Após ser parado pela agente de trânsito Luciana Silva Tamburini, que determinou que o carro fosse rebocado ao verificar uma série de irregularidades na documentação, João Carlos se identificou como magistrado. Luciana, então, disse que ele “era juiz, mas não Deus”. A reação do juiz foi dar voz de prisão à agente, que foi processada e condenada a pagar R$ 5 mil ao juiz.

“Nós vemos essas situações com preocupação, pois elas têm se tornado cada vez mais frequentes”, avalia o presidente da OAB-GO, Hen­ri­que Tibúrcio. Ele também lembra um caso mais recente em que um juiz deu voz de prisão a uma funcionária de uma companhia aérea, porque ele chegou atrasado e não pôde embarcar. “Temos esse caso aqui, em Goiás. Ou seja, são juízes que têm demonstrado que não estão preparados para o exercício da magistratura, porque se colocam acima das outras pessoas”, pontua.

Tibúrcio avalia a postura desses juízes: “São pessoas que, como a­conteceu no Rio de Janeiro, se co­lo­cam em uma posição de ‘deuses’, de estarem acima do bem e do mal e das pessoas comuns; o que é o o­pos­to do que se espera de um magistrado”. Segundo o presidente, o juiz, quando tenta inferiorizar a ad­vocacia em relação a ele, se põe em uma condição acima, em que faz avaliação e críticas ao trabalho do advogado. “Ele se coloca como se não pudesse ser alvo de críticas, co­mo se ele não errasse ou tivesse defeitos. Ele diz, em sua monografia, inclusive, que a maioria dos ad­vo­gados não tem capacidade técnica para estar em juízo ou atuar em pro­cessos que tramitam em sua Vara”, afirma.

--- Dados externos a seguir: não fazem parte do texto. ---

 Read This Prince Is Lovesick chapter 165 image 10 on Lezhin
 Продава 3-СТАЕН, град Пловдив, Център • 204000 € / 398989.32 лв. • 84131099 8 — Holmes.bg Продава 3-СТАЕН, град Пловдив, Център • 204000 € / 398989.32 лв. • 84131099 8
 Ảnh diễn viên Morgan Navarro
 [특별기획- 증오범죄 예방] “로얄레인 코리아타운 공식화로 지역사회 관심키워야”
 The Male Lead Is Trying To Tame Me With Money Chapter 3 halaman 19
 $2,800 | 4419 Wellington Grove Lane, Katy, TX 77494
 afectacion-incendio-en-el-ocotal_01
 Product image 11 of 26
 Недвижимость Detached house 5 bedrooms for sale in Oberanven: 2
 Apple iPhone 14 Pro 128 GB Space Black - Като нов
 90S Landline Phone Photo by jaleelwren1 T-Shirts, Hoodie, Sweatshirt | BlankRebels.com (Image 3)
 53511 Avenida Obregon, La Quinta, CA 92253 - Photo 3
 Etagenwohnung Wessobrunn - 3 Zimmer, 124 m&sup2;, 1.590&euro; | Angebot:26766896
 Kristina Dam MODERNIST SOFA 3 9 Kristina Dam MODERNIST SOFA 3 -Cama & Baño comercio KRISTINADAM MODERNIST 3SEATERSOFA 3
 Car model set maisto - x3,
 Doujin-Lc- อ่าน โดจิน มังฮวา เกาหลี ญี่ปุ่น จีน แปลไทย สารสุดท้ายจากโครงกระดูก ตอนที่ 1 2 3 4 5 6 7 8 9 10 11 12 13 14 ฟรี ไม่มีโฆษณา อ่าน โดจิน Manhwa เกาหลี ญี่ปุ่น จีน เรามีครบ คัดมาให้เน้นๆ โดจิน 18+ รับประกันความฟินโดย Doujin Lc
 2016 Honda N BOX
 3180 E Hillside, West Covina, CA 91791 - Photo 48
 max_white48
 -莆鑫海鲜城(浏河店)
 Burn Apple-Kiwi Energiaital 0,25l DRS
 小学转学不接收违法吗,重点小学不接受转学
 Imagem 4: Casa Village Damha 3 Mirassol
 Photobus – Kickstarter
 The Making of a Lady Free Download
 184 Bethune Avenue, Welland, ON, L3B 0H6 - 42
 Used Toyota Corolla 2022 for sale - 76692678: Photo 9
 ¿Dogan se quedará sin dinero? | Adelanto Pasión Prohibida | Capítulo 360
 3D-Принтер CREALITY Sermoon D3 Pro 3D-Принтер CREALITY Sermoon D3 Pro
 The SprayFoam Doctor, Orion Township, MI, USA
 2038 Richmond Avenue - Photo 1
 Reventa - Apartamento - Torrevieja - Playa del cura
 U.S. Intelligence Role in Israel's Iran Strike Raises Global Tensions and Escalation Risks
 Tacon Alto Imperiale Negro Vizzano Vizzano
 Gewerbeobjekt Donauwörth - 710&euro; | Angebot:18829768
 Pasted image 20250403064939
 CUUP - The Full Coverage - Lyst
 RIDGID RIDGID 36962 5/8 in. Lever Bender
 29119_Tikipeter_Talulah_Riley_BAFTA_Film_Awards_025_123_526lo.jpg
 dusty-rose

O conselheiro Antônio Carlos Monteiro da Silva destaca que a Ordem tem que agir com rigor em relação ao juiz e outros magistrados que não toleram e perseguem advogados. O também conselheiro Eurico de Souza lembrou que o juiz não é bem visto entre seus pares e que já responde a vários processos no Conselho Nacional de Justiça (CNJ).